En Subcultura. El significado del estilo (1979), texto decisivo en la consolidación del estudio cultural como disciplina analítica y ensayo de referencia sobre los fenómenos subculturales juveniles, Dick Hebdige institucionalizó la idea de la relación directa entre la auto organización subcultural y las inquietudes y aspiraciones de los jóvenes de clase trabajadora (Webb, 2020), idea que se encargarían de reforzar autores posteriores de corte marxista como Phil Cohen o Stuart Hall. Esta teoría, empero, queda invalidada en el siglo XXI por diversas razones.

En primer lugar, y suponiendo que la clase trabajadora tal y como se la ha definido históricamente siga existiendo en el tercer milenio —después del supuesto “Fin de la Historia” anunciado por Francis Fukuyama, el “New Labour” de Tony Blair y la aparición del precariado como segmento social interclasista—, la conceptualización de una sensibilidad estratificada y singular, propia de la clase trabajadora, resulta difícilmente defendible. La circulación online de la mayoría de mercancías culturales, ya descorporeizadas, y el acceso cuasi libre a ellas ha desdibujado la necesidad de elección marcada por las trabas económicas que antaño facilitó la acotación de los espacios subculturales. Los jóvenes ya no se ven obligados a escoger un género de música u otro, una fuente informativa u otra, un estilo u otro, en función de su capacidad adquisitiva, porque todos los géneros, todas las informaciones y todos los estilos están a su abasto por el precio de un teléfono móvil y una conexión a internet.

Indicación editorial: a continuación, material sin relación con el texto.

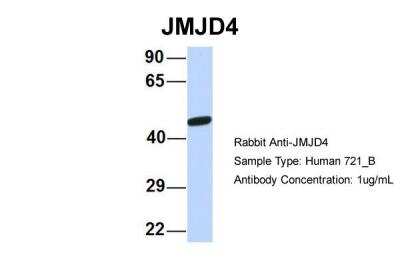 Western Blot: JMJD4 Antibody [NBP2-87647]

En segundo lugar, y en relación con el anterior punto, las diferencias en el ejercicio del ocio entre jóvenes de distintas extracciones sociales se han difuminado por mor de la demanda productiva de las plataformas donde invertir el tiempo libre. Las redes sociales se valen de sus usuarios como prosumidores, productores y al mismo tiempo consumidores de contenidos. Poco importa la clase: en el mundo de los posts, los tweets y las stories, todos son trabajadores del ocio, en tanto la calidad de su entretenimiento depende de su labor creativa.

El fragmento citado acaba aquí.